I'm trying to devise the most efficient algorithm for a problem, but I'm having some difficulty. If someone could lend a hand, either by proposing an algorithm or classifying the problem so I can do some further research, I would be very appreciative.
The problem is as follows:
There are n (an integer) number of distinct red balls, each of which has its own number, and m number of distinct green balls, each of which has its own corresponding number as well. For example, if n = 3, then there are three red balls named Red Ball 1, Red Ball 2 and Red Ball 3. There are also two boxes in which the balls can be placed.

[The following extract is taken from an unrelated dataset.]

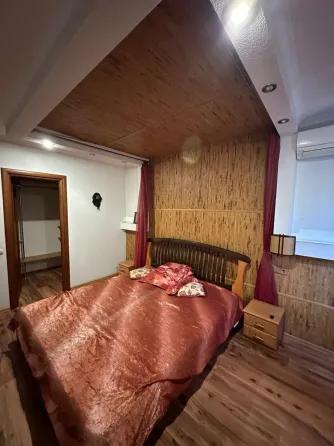 3-комн. квартира, 52 м² · Донецк, Кировский район · фото 1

Before the balls are placed in the boxes however, x number of people make predictions as to which balls will be placed in which box (either box 1 or box 2). Each person gets one prediction and for each prediction they can guess one ball to be in each box. The only condition is that the ball they guess in box 1 cannot be the same color as the ball they guess to be in box 2. An example prediction would be: "I think that Red Ball 2 will be in box 1 and Green Ball 3 will be in box 2"
After everyone has made their predictions, the balls will be placed in the boxes the maximize the number of predictions that are correct.
The code I must write will be prompted with n, m, and x as well as the predictions and then be asked to return the maximum number of predictions that are correct.
Once again, I am looking for either algorithmic help or help to identify the type of problem this is. I currently have a recursive algorithm running on (n^2), but I need something a little more efficient.
Thanks for your help! Cheers, Mates!